Friday, 22 June 2012

Starry-eyed

Looking for Buttons has received its first Amazon review.

Five stars.

If this self-publishing lark becomes any more exciting I'm going to have to lie down with a damp cloth on my forehead.

Thursday, 21 June 2012

Unaccustomed as I am to public speaking...

Looking for Buttons has been on sale for two days.  So far I've sold six copies, which might not sound like many but feels like a huge triumph.  That's six whole people who've looked at the cover, read the blurb and thought "Yeah, I'll give that a go, and what's more, I'll pay for the privilege."  I find that wildly exciting.  (It is true that I don't get out much.)

What's more, it's already taking on a life of its own, thanks to friends using Facebook and Twitter to spread the word.  Twinkle Mummy has been badgering members of her local twins club to buy it and Norfolkbookworm has blogged about it, not once but twice!  (Norfolkbookworm, I must confess, is not entirely impartial.  She's been a good friend for over twenty years, has been one of Looking for Buttons's staunchest supporters, and roped in her very talented dad to do the cover!)

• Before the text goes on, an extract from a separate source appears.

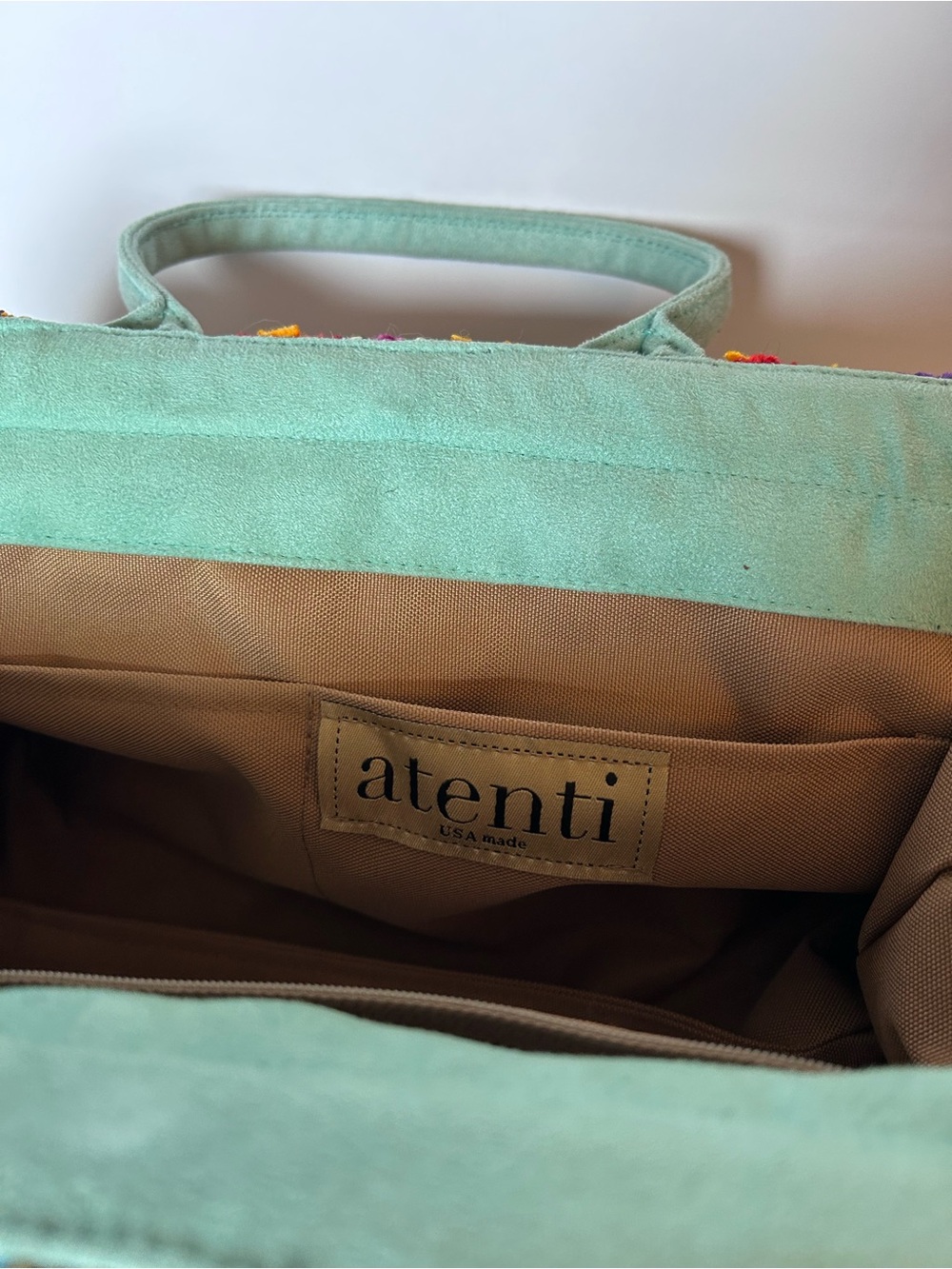 Atenti Suede Embroidered Clamshell Bag - NWOT - Made in USA - Picture 3 of 5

While I'm handing out the laurels, I must thank the inspirational Lexi Revellian who has been so generous with advice and support.  Her books, including the best-selling Remix and Replica, are great reads and her writing blog is a goldmine of information for the aspiring self-publisher.

Lastly, I must thank my late aunt and uncle.  They gave me my first PC some years ago, thinking it would help me study.  I wrote a book on it instead.  This book.  They're not here to see it published but I hope they would be pleased.

Tuesday, 19 June 2012

Do your own drum roll, please

After an awful lot of staring at a screen and some Olympic-class procrastination, Looking for Buttons has finally hit the bookshelves!  Well, virtually.


Looking for Buttons - a comedy for the romantically hopeless

Monday, 12 September 2011

Busy doing, well, a little more than nothing

There isn't a great deal of progress to report.  I've scrapped the initial attempt at an e-book cover image, mainly because it made Looking For Buttons look like a seventies bonkbuster.  I can only think that most of what passes for my creative brain was tied up in 1978 working on the thriller when I did it.

Otherwise it's been business as usual:  tweaking the text after Norfolk Bookworm's feedback and submitting to another agent.  The thriller staggers on and the new romantic comedy is percolating nicely in the depths of my subconscious and should start to take shape on the page soon.

Right, can't hang around here all day.  I have to eavesdrop on some imaginary people and see if I can make a book out of it.

Thursday, 4 August 2011

And now, the Gallery

Yes, I know this blog is supposed to be about writing.  However, this sort of thing is supposed to be worth a thousand words, so hum the music from Take Hart as you view it.

 [IMAGE LATER REMOVED DUE TO SHEER AWFULNESS]

First attempt at the e-book cover image.